The fourth most expensive town – where prices are also rising most steeply – was Erlangen, where property currently costs €5,449/m2, followed by Tübingen at €5,390/m2, Regensburg at €5,176/m2 and Heidelberg at €5,134/m2.
However, not all of the towns came with an eye-watering price tag for property. At just €1,785 per square metre, property in the town of Chemnitz in Saxony was by far the most affordable location for buyers – though prices of between €2,000 and €3,000 per square metre were far from unusual in the survey.
With the exception of Frankfurt (Oder) – which is located in Brandenburg on the Polish border – the most moderate prices were found in central and western German university towns, including Magdeburg, Wuppertal, Saarbrücken, Mönchengladbach, Hildesheim, Siegen, Kaiserslautern, Coburg und Kassel.
Where are the best investment opportunities?
According to Von Poll Immobilien, a major factor in deciding the potential for good returns on a buy-to-let is the so-called Purchase Price Factor, or Kaufpreisfaktor. This essentially calculates how long a property would need to be rented out in order to earn back the purchase price.
A property with a factor of 20 would have to be rented out for 20 years, while another with a factor of 40 would have to be rented out for 40 years, and so on.
For several years, a multiplier of 20 was considered a benchmark for a very profitable investment. With steep rises in property prices, however, this benchmark has shifted.

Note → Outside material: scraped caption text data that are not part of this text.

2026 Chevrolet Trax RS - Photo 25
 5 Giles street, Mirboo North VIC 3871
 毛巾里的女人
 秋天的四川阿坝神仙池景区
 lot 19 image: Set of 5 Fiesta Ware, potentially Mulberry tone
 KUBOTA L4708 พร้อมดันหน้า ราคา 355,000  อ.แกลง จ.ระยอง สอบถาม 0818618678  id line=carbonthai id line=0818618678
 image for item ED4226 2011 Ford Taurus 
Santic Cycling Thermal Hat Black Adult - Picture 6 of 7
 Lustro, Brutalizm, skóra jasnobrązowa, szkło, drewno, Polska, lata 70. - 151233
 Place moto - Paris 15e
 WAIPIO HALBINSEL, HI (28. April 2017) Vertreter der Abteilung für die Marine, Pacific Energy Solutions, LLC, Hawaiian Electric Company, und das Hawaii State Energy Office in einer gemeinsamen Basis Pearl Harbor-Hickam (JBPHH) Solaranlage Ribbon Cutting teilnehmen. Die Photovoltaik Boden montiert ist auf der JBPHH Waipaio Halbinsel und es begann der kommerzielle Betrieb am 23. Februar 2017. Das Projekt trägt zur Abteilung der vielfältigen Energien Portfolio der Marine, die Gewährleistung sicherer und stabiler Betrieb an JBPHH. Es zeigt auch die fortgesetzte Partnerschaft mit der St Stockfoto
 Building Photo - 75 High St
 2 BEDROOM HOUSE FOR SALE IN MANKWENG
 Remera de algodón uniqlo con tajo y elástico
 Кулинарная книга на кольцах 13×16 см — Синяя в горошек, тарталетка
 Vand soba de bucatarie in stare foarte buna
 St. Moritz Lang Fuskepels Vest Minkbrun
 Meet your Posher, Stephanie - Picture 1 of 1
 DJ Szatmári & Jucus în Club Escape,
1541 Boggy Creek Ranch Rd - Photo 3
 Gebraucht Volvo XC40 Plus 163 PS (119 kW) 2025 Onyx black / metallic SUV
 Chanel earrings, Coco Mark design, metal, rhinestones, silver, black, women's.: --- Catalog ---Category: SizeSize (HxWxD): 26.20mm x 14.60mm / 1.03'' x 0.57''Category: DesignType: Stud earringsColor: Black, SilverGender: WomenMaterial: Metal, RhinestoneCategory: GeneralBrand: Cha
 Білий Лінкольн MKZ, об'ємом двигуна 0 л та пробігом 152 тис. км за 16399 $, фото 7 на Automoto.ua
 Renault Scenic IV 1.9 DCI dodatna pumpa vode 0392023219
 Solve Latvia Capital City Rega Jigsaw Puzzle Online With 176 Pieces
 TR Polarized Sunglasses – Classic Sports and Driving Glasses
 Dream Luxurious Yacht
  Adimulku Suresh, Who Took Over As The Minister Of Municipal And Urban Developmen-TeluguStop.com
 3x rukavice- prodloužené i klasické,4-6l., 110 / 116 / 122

“In most German regions, purchase price factors of around 25 can now be found, but multipliers of 30 are no longer uncommon,” the researchers at Von Poll Immobilien explained. “In metropolises and large cities in particular, purchase price factors often exceed this threshold many times over.”
In almost half (22) of the university towns, the Purchase Price Factor was more than 30, while properties in the remaining 24 towns had a factor of between 20 and 30.
In the third quarter of 2022, Potsdam had the highest Purchase Price Factor of 39.5, followed by Halle and Erlangen, with factors of 35.6 and 35.4 respectively,
On the lowest end of the scale was Saarbrücken, with a factor of just 21.8, followed by Göttingen (23.4), Mönchengladbach (24.3), Wuppertal (24.5) and Kaiserslautern (24.6). A full list of the purchase prices factors (in German) can be found here.
“Cities with attractive courses of study continue to have especially high potential for value appreciation,” said Ritter. “However, investors should carefully examine the return potential of the locations and the targeted property as well as their individual criteria and market development and also consult professional real estate experts.”